* _PROVIDED DATA_:
——————
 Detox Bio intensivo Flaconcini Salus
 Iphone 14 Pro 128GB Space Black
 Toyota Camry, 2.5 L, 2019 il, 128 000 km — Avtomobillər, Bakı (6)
——————
Please restate the material above exactly, line by line.

* _ANSWER FOR THIS EXERCISE_:
 Detox Bio intensivo Flaconcini Salus
 Iphone 14 Pro 128GB Space Black
 Toyota Camry, 2.5 L, 2019 il, 128 000 km — Avtomobillər, Bakı (6)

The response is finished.